Estimating a model with `statsmodels` uses a similar process to model estimation in `scikit-learn`. We first initialize a model, in this case using the `sm.OLS()` method, which takes **X** and **y** (in dataframe form) as arguments. We then `.fit()` the model and can view information about the coefficients and model performance using `.summary()`. 

**Question 12:** Create a dataframe **X**, which holds our two independent variables, each as a column of observations. In addition, create a dataframe **y** that holds the response variable.

In [None]:
# YOUR CODE HERE

Unlike `scikit-learn`, statsmodels expects a column of 1's in the **X** dataframe in order to fit an intercept. One way to achieve this is to apply `statsmodel`'s built-in `add_constant` function to your dataframe of **X** values.

In [None]:
# run this cell
X_const = sm.add_constant(X)
X_const.head()

Run the cell below to fit a model to **X** and **y** and view the results.

In [None]:
# Run this cell
sn_wf_model = sm.OLS(y,X_const)
sn_wf_results = sn_wf_model.fit()
sn_wf_results.summary()

**Question 13:** What are the values and 95% confidence intervals of the three coefficients? What do the confidence intervals imply about the model we've built?

*YOUR ANSWER HERE* 

## Feature Engineering

Let's try to improve our model by adding more features. Instead of using new sources of data, we will transform the two independent variables we already have and add these transformations as additional features. This process is known as "feature engineering."

**Question 14** To make it easy to test different sets of features, write a function `fit_OLS` that takes in a dataframe containing the independent variables ($X$) and another dataframe containing response variable ($y$). The function should fit a linear regression model and output the `statsmodels` summary for the model. Feel free to use the code in the previous section as a template. Test your model on the $X$ and $y$ dataframes you created in Question 14.

In [None]:
def fit_OLS(X,y):
    # YOUR CODE HERE* 
    ...
    return ...

In [None]:
fit_OLS(X,y)

The first new feature we will add to our model is the natural log of the `dist_to_rd` variable. The code block below provides an approach to expanding our $X$ dataframe to include this new feature.

In [None]:
X['log_dist'] = np.log(sn_wildfires['dist_to_rd'])
X.head()

**Question 15** Add two more features to $X$: a) the `day_of_year` variable squared, and b) $e^f$, where $f$ is `dist_to_rd`/`day_of_year`.   
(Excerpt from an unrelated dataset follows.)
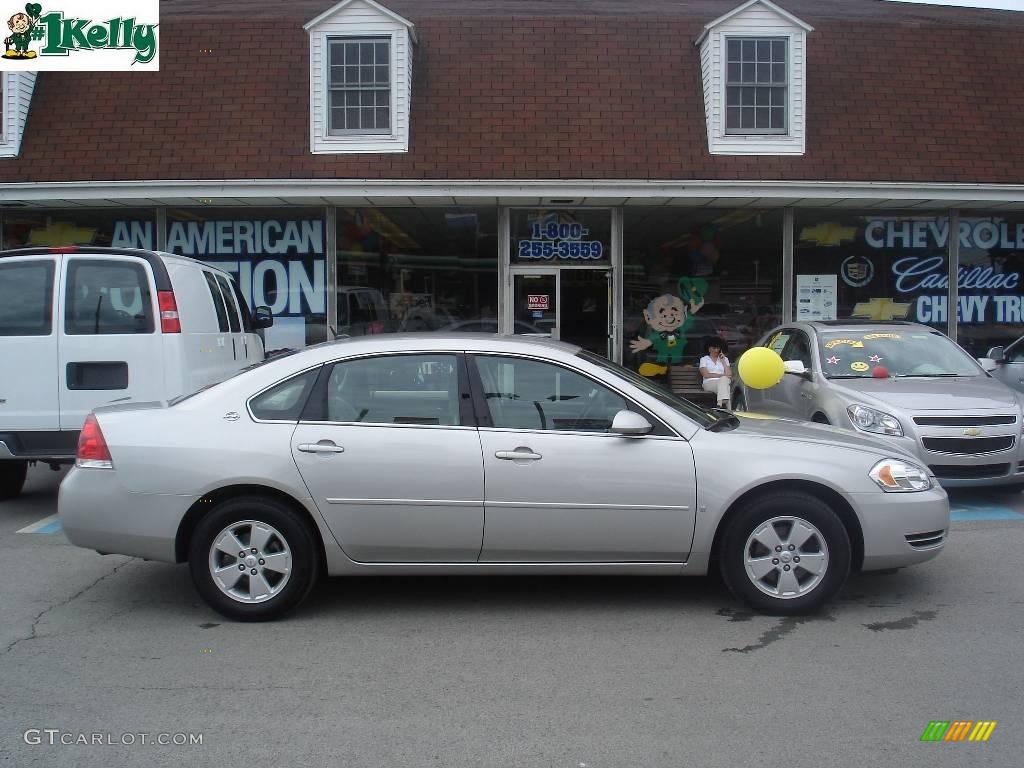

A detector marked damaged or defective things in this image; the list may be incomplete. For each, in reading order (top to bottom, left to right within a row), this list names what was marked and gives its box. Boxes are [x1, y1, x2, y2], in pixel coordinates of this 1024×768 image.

cracked pavement [2, 466, 1024, 765]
*Note:* These new features don't necessarily have any intuitive meaning in the real world. We're just experimenting to see if we can come up with some new transformations that improve our model's performance. Since we are focusing on prediction and not inference, we don't have to understand the physical reasons why a particular transformation might work or not.

In [None]:
# YOUR CODE HERE
...
X.head()

**Question 16** Use your `fit_OLS` function to estimate a model for your expanded $X$ feature set. Did the addtion of the transformed features improve the model? *Hint:* compare the AIC value for the model you estimated in the previous section to this one.

In [None]:
# YOUR CODE HERE

*YOUR ANSWER HERE*

**Question 17:** Take a stab at engineering at least one new feature of your own, using different transformations and/or combinations of the features in the $X$ dataframe. Fit your model and view the results. Did your new feature(s) improve the model?

In [None]:
# YOUR CODE HERE

*YOUR ANSWER HERE*

**Question 18:** Besides feature engineering, what else might you be able to do to build a model that better predicts burned area in the Sierra Nevada?

*YOUR ANSWER HERE*

# Hooray, you're done! 

Please remember to submit your lab work, after clicking Kernel -> Restart & Run All, in .html and .ipynb format on bCourses.